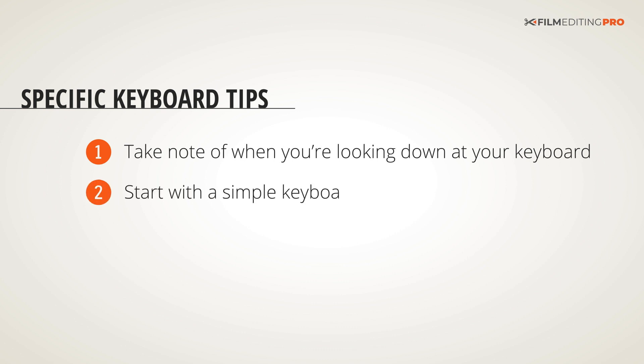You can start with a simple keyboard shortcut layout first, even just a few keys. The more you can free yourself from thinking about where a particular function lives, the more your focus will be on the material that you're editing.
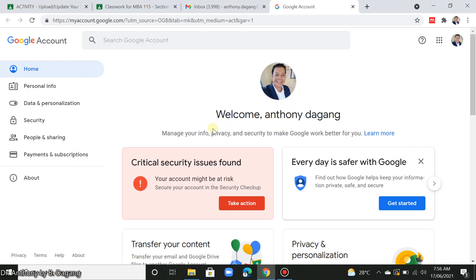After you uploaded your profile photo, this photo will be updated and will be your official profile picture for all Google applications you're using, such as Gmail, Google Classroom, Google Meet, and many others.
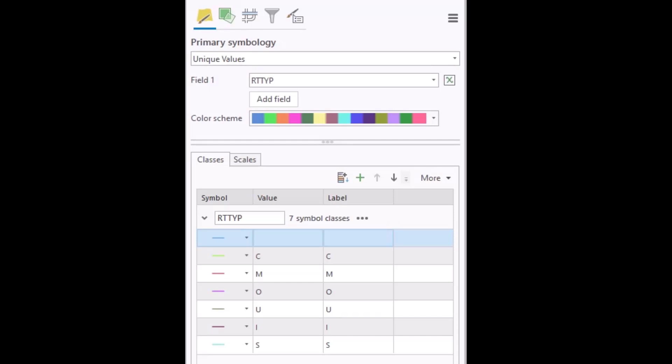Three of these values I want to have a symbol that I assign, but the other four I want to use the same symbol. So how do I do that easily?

* * *

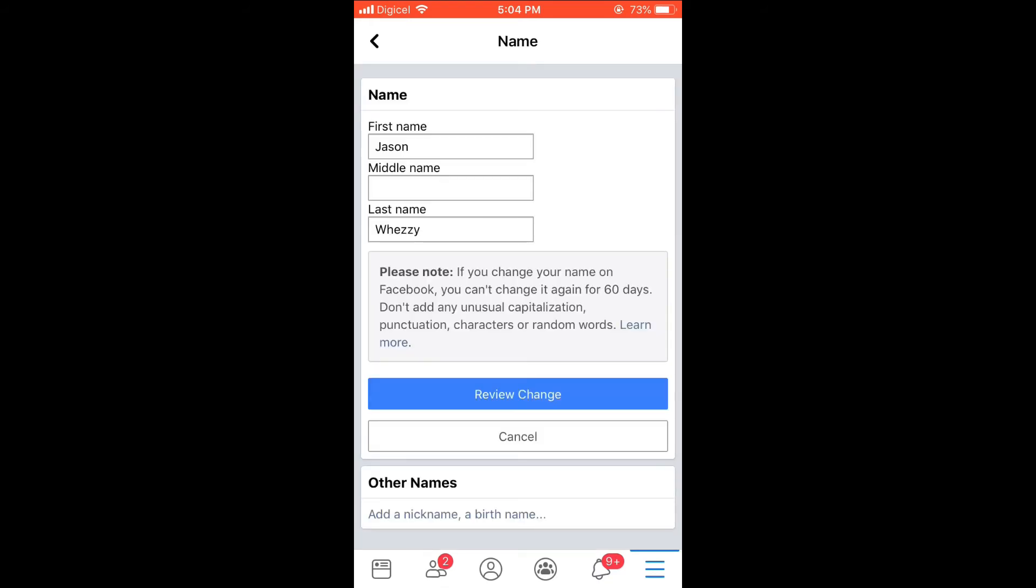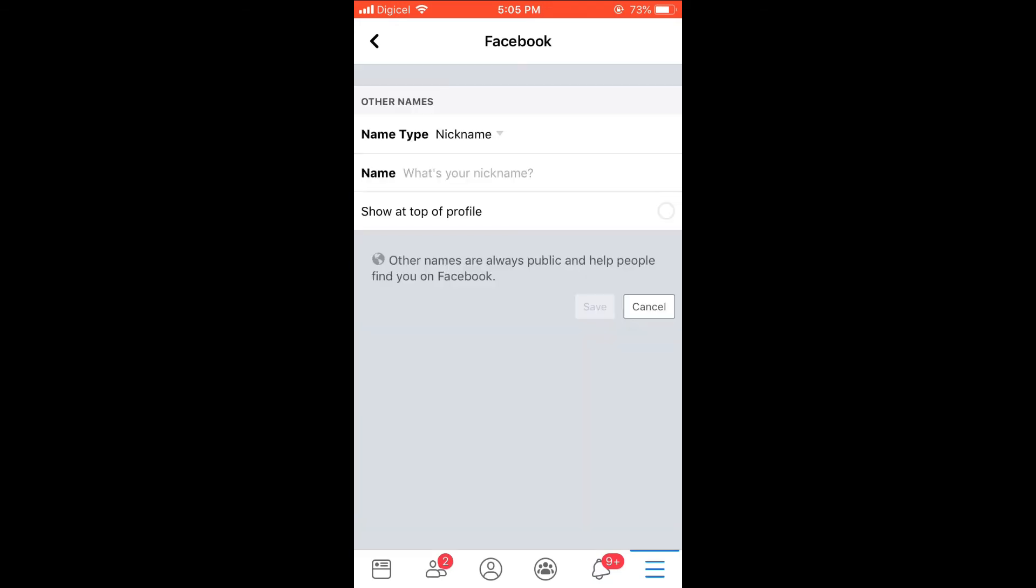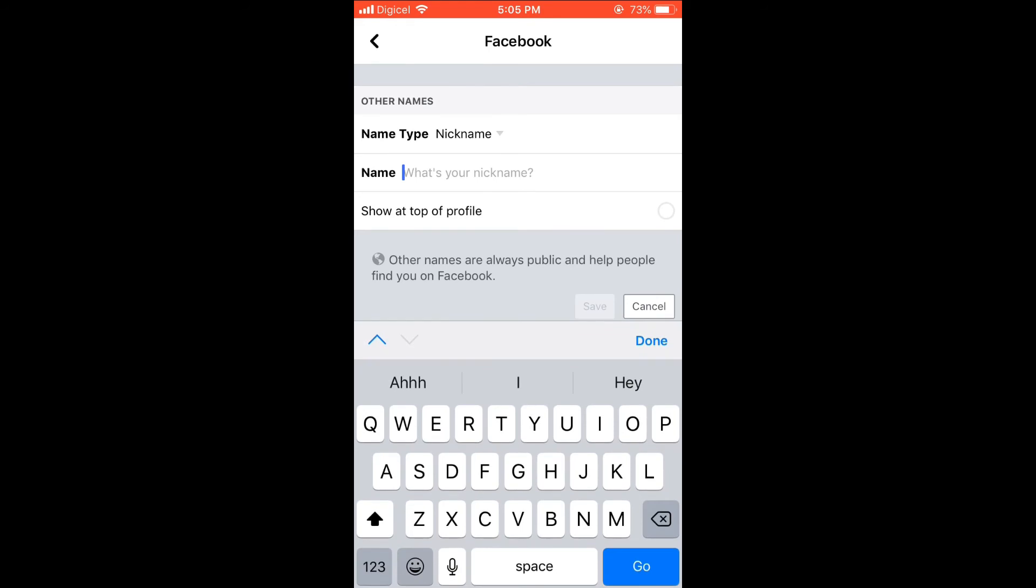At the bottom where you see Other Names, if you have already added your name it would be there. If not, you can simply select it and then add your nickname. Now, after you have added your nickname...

EXERCISE DIRECTIONS. Return the stretch of data that begins with the line showing "After you uploaded" and goes on through the line showing "Three of these", exactly, with pictures removed.

WRITTEN ANSWER.
After you uploaded your profile photo, this photo will be updated and will be your official profile picture for all Google applications you're using, such as Gmail, Google Classroom, Google Meet, and many others.
Three of these values I want to have a symbol that I assign, but the other four I want to use the same symbol. So how do I do that easily?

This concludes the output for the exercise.